Task. When you reach the line below that has "Black Boke Flower Cotton Hoodie", start returning lines exactly, and stop after the line that has "Brown Leather Peak Lapel Blazer"; skip the pictures.

Entries provided.
========

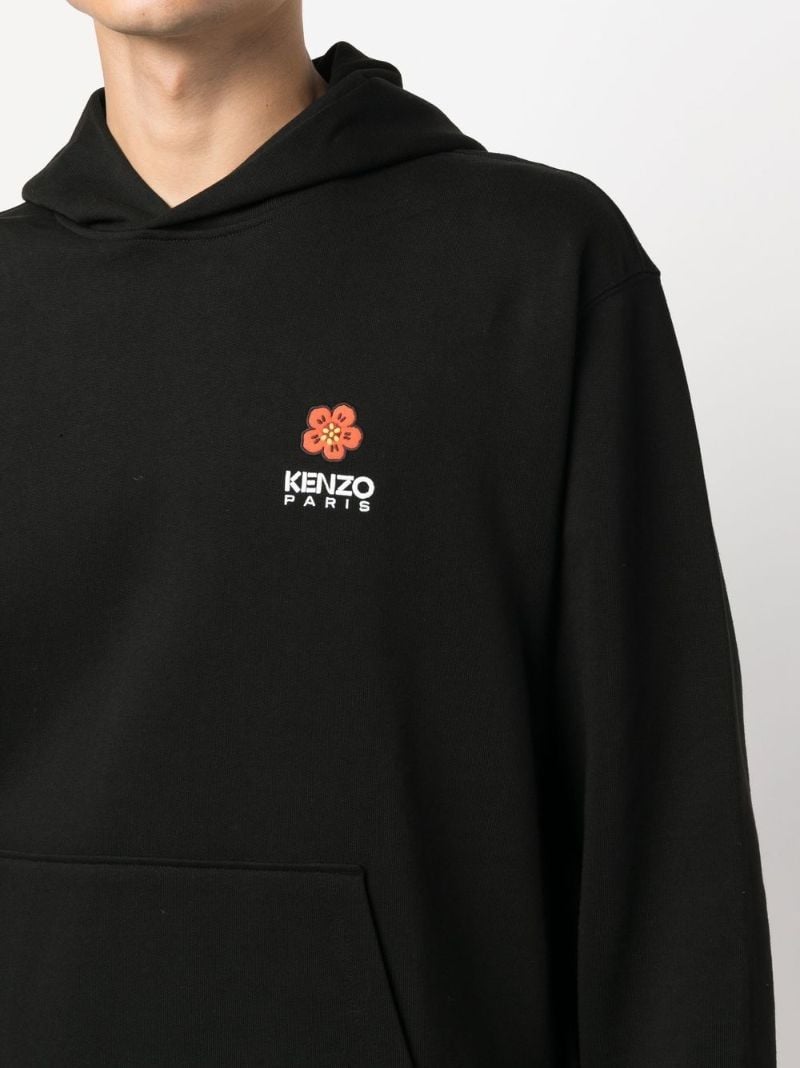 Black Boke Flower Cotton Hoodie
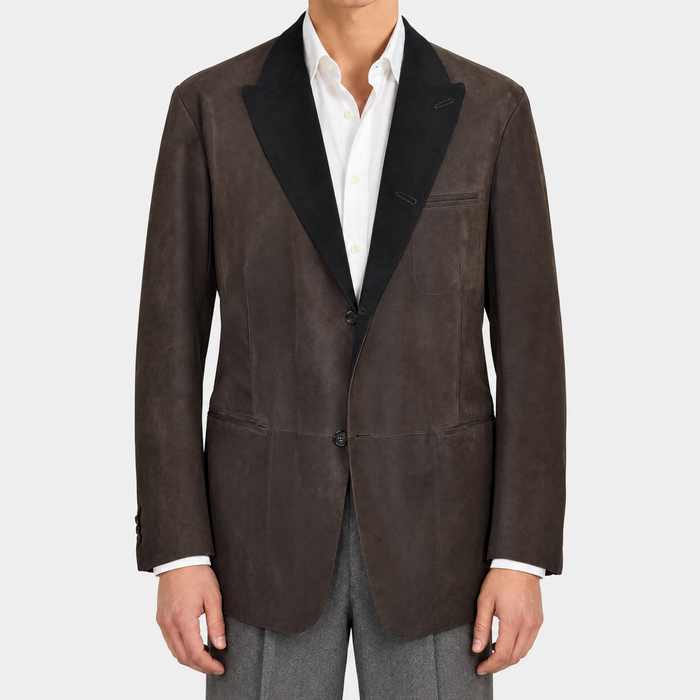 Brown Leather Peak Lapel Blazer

========

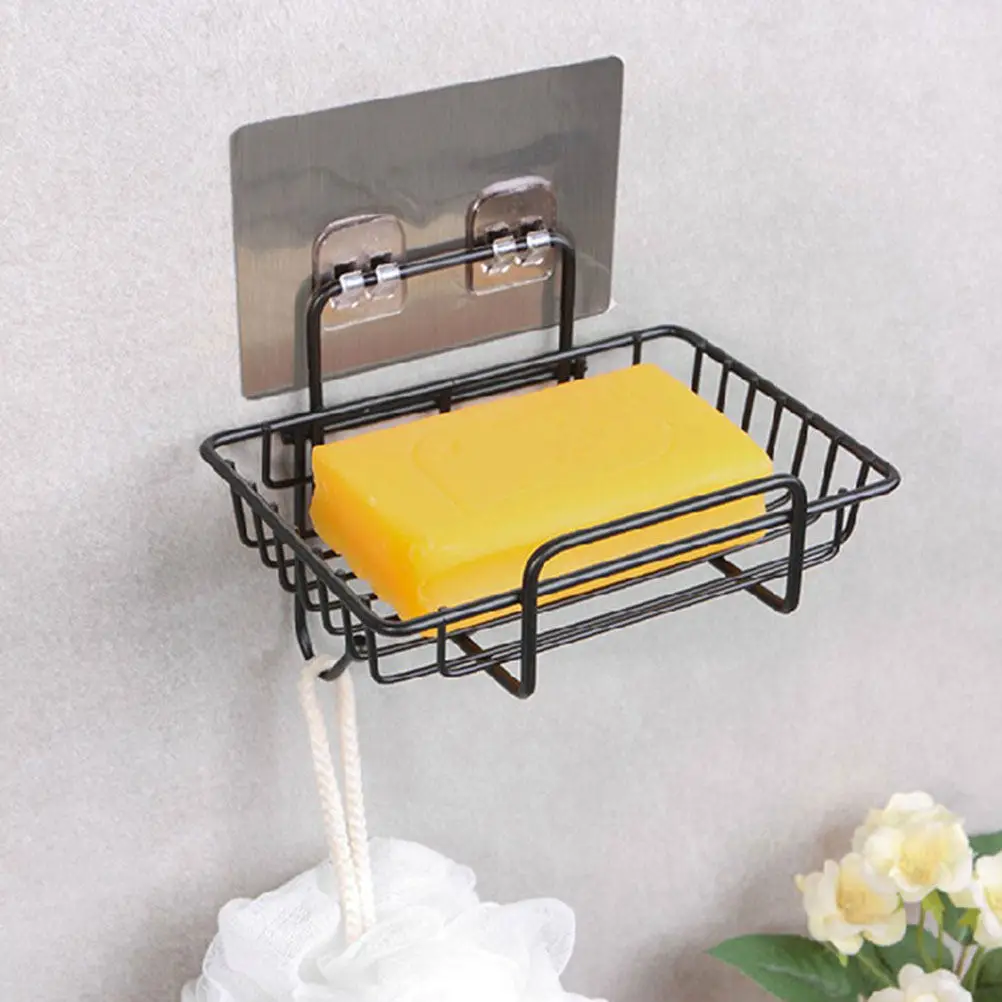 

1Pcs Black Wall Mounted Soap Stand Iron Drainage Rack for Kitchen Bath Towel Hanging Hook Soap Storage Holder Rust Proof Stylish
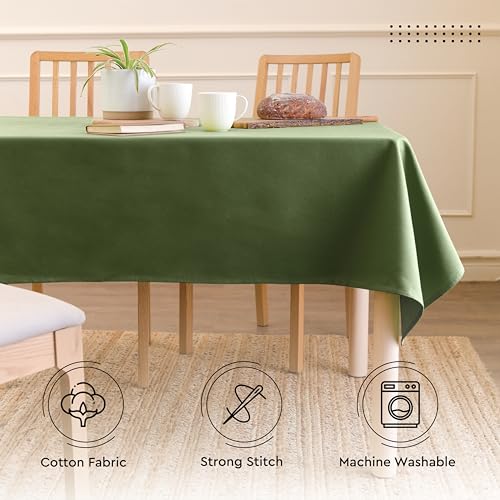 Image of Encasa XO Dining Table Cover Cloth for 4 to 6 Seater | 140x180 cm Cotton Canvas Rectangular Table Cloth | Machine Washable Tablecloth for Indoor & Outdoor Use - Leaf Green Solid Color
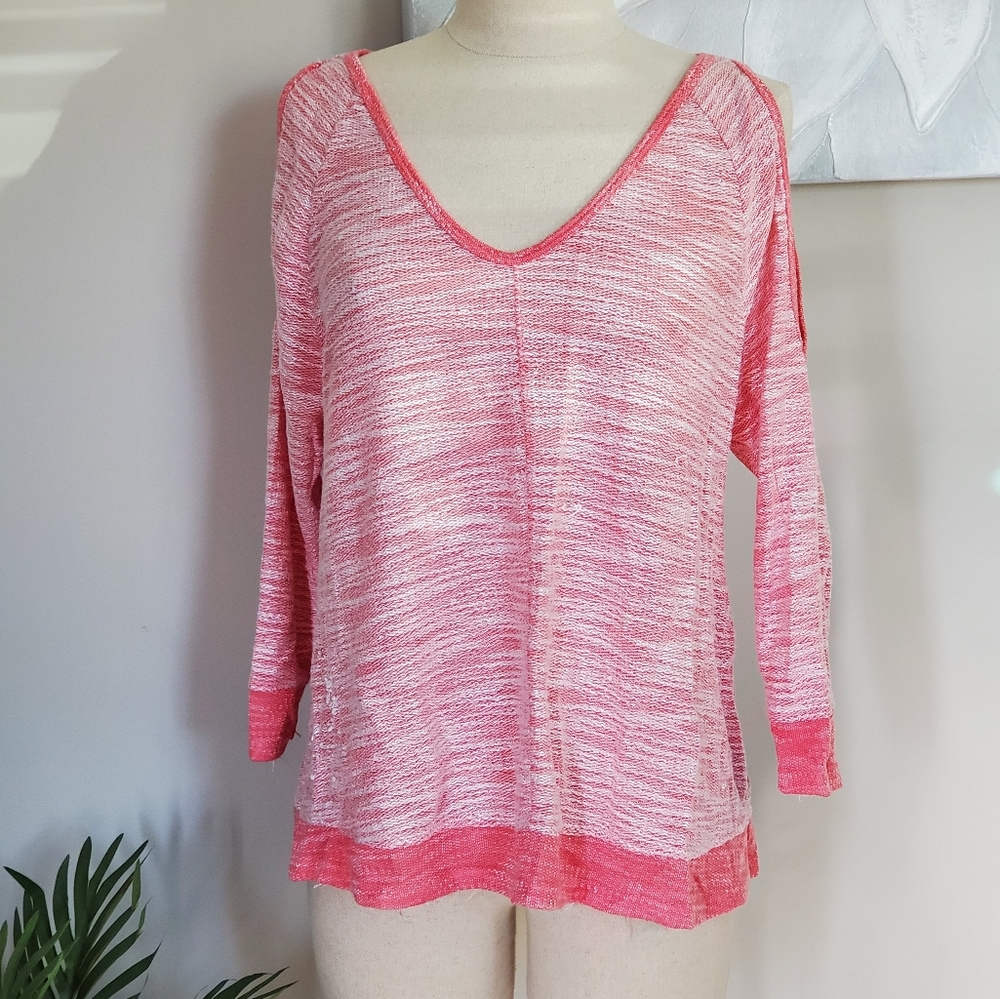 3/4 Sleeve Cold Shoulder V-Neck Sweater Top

========

Your solution.
 Black Boke Flower Cotton Hoodie
 Brown Leather Peak Lapel Blazer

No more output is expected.